Abigail Freeman from Brink, an innovation practice and partner on DFID’s LearnAdapt programme, provided reflections on how commercial organisations have managed to challenge traditional organisational cultural barriers, and create a culture of innovation. Whilst the challenge set in private sector is different and the context from development is often more complex, there are key principles that apply across all learning organisations:

  • Thinking in terms of a 70:20:10 ratio: As a rule of thumb, 70% of an organisation’s time and budget should go towards its core business, 20% to developing in areas adjacent to the core, with the remaining 10% being used for innovation in new areas. Each of these requires different sorts of resources, expectations and mindsets.

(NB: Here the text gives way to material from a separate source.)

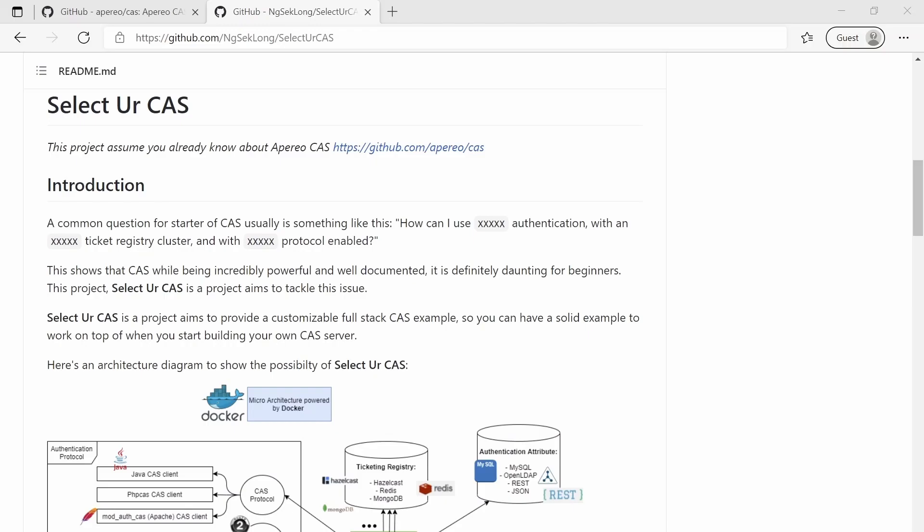Hello everybody, my name is Andy Ng and this is an introduction video to the Select Your CAS project. The Select Your CAS project is a project aimed to provide customizable full-stack Apereo CAS samples. I'm excited to showcase this to you, so let's begin.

  • SkyScanner stands out as an organisation that has built itself to innovate and learn: They hire for curiosity. Perhaps surprisingly, they don’t have ‘innovator’ job roles. They recognise and reward adaptive working and experimenters because innovation is everyone’s job.
  • Giving license to experiment: Adobe’s ‘Kickbox Kit’ with $1,000 on a credit card removes bureaucratic and financial barriers to running experiments.
  • Ideas from everywhere: Sourcing ideas from outside your team, your department, your organisation, your sector.
  • Space for cynics as a constructive reality check: Google uses ‘canaries’ – a group of early adopters who are the first to test new products and initiatives. They will be able to spot problems early on before a product is released to the wider public.

Key takeaways

Participants went back into their groups and given 15 minutes to come up with solutions to the challenges that they had previously deconstructed.

  • Making adaptive working an imperative instead of a ‘nice to have’. Organisations and individuals need to be persuaded that adaptive programming will get better results and will be recognised. Incentives are also required from donors, who could choose teams who are able to learn and adapt rather than a safe pair of hands. However, adaptive working has to be embedded at all levels of the team - not just management and leaders.
  • Using dual operating models within organisations (c.f. the 70:20:10 rule) could create enabling environments for adaptive working. If 10% of resources are seen as available for innovation, there could be more incentive to use it in that way.
  • Human resources for adaptation. As one participant noted, “Tools don't drive practice, good people drive good practice”. This could come from finding the right people through a recruitment process that not only has a suitable job specification but enables observation of how candidates work together, for example through group exercises. It also comes from crediting people for working in adaptive ways and rewarding humble leadership rather than those who are best at managing up.
  • Have a role for critical friends within the organisation to challenge new initiatives, while building psychological safety.